> _WHAT IS BEING ASKED_
Output exactly, and only, the lines below from the one with "Potret Maternity Alyssa" down to the one with "Volkswagen Tiguan II, 2022". Include both end lines and no pictures.

(Records from a data source)
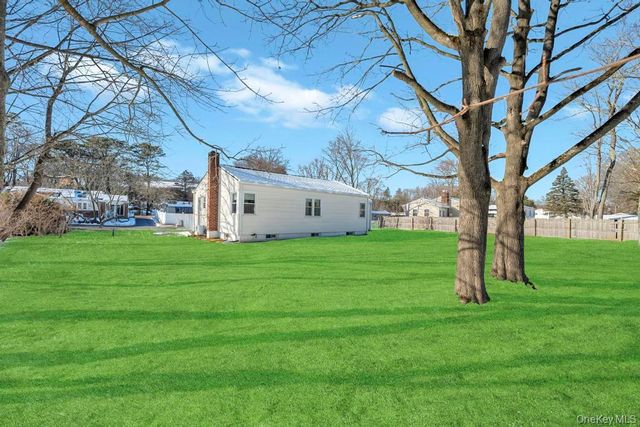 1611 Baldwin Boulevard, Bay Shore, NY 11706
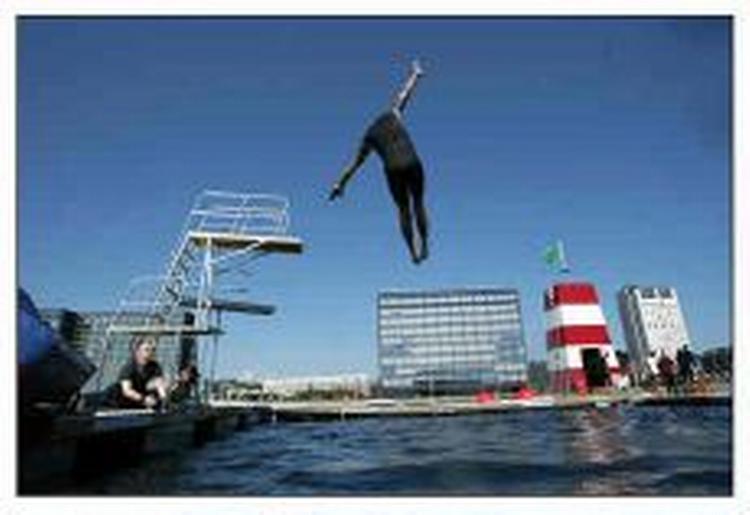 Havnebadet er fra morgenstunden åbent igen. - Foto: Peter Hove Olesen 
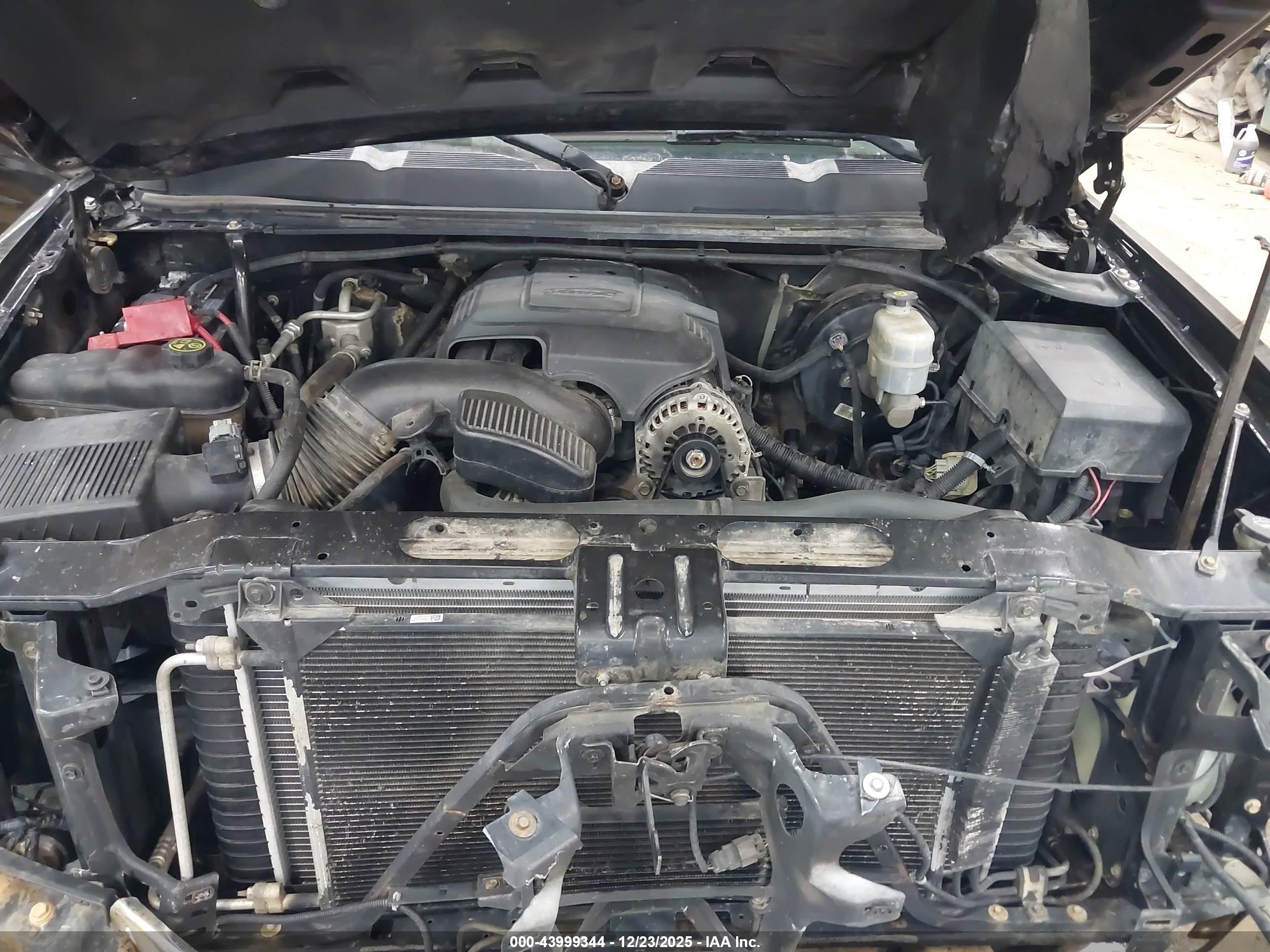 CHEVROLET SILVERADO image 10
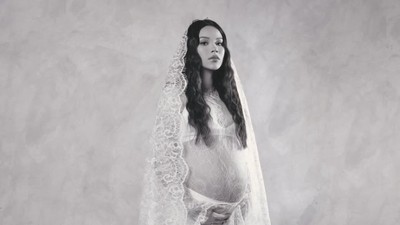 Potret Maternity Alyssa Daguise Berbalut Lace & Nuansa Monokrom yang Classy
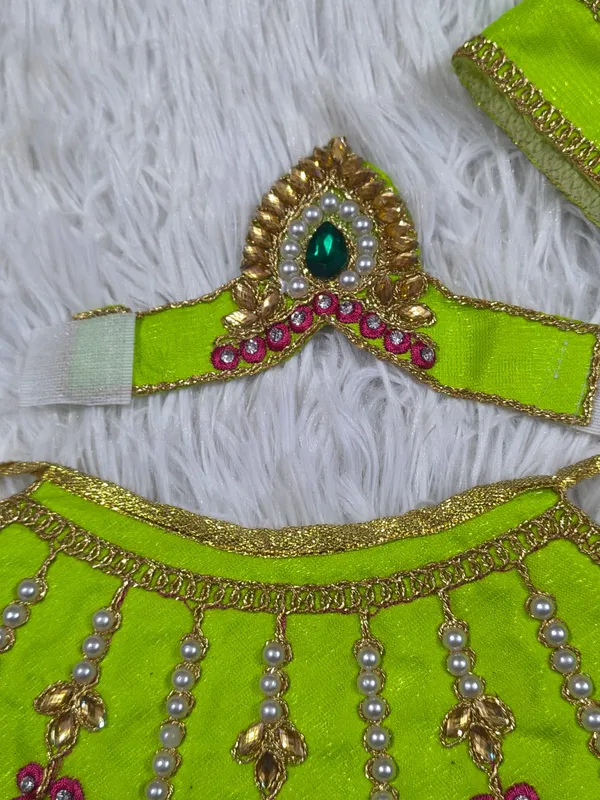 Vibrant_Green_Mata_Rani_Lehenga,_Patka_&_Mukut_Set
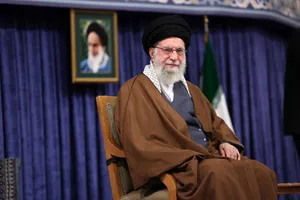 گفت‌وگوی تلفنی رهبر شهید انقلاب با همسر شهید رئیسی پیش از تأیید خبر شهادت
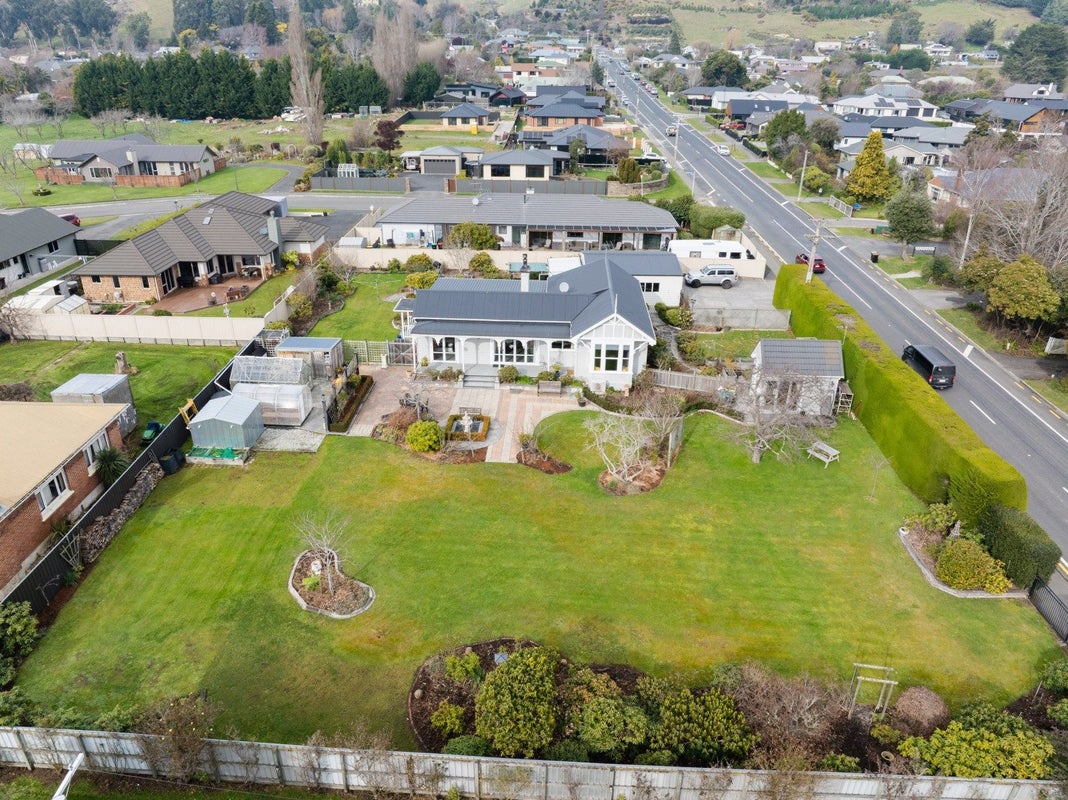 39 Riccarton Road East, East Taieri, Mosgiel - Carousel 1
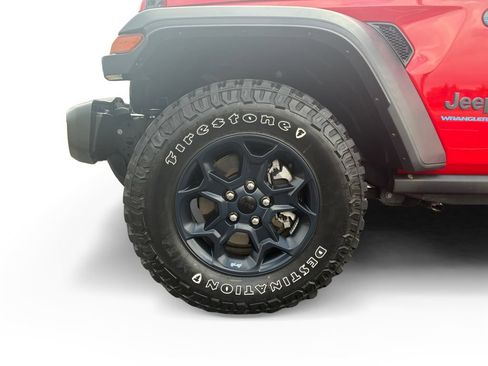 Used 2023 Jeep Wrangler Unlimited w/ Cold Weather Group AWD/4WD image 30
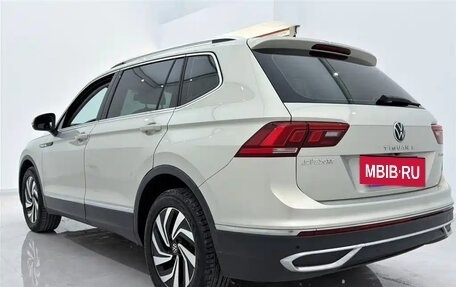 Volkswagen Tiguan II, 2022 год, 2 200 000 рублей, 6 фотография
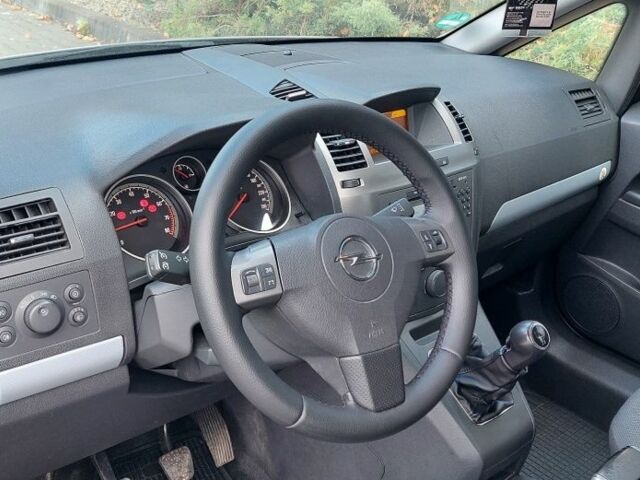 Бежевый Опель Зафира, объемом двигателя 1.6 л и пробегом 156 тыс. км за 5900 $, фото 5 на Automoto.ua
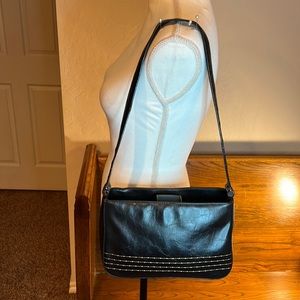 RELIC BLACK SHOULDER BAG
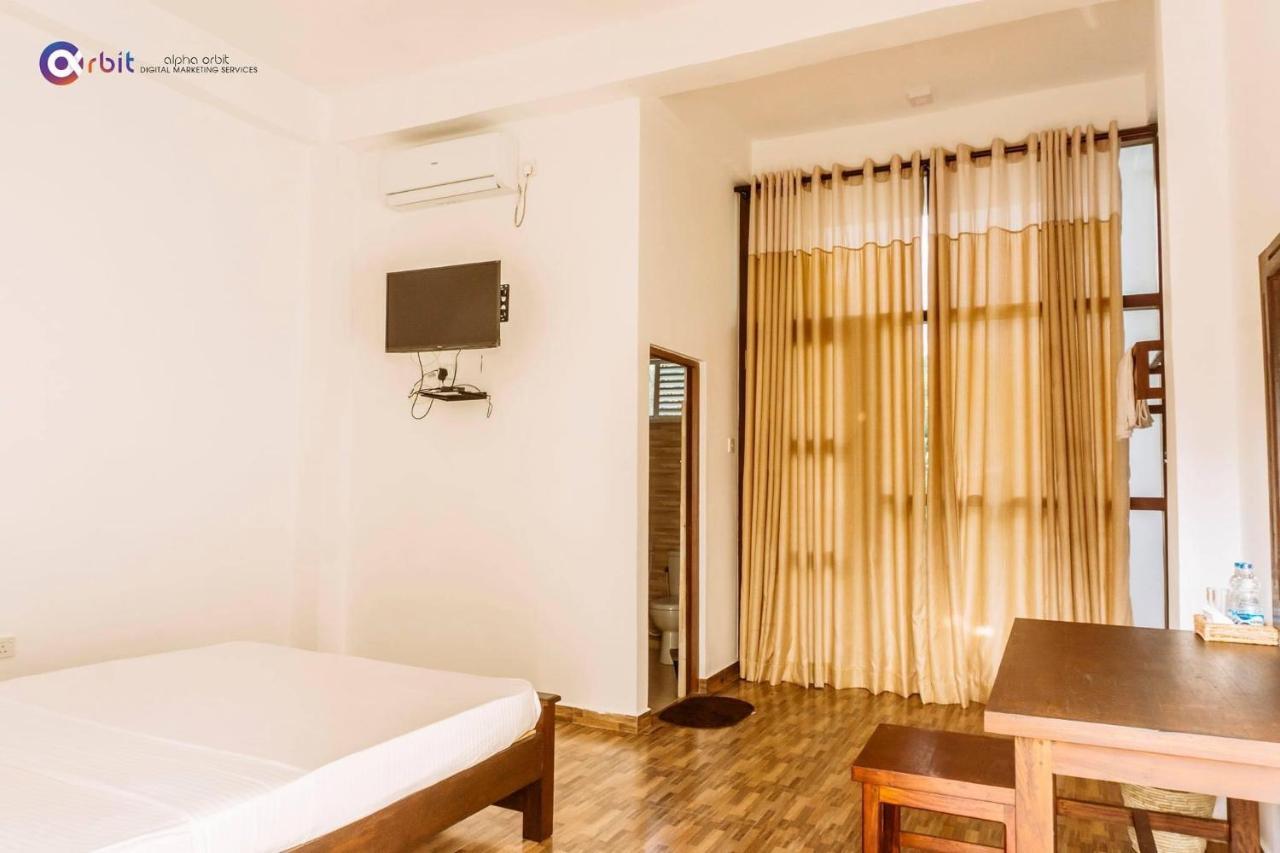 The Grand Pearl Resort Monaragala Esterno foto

> _SOLUTION_
 Potret Maternity Alyssa Daguise Berbalut Lace & Nuansa Monokrom yang Classy
 Vibrant_Green_Mata_Rani_Lehenga,_Patka_&_Mukut_Set
 گفت‌وگوی تلفنی رهبر شهید انقلاب با همسر شهید رئیسی پیش از تأیید خبر شهادت
 39 Riccarton Road East, East Taieri, Mosgiel - Carousel 1
 Used 2023 Jeep Wrangler Unlimited w/ Cold Weather Group AWD/4WD image 30
 Volkswagen Tiguan II, 2022 год, 2 200 000 рублей, 6 фотография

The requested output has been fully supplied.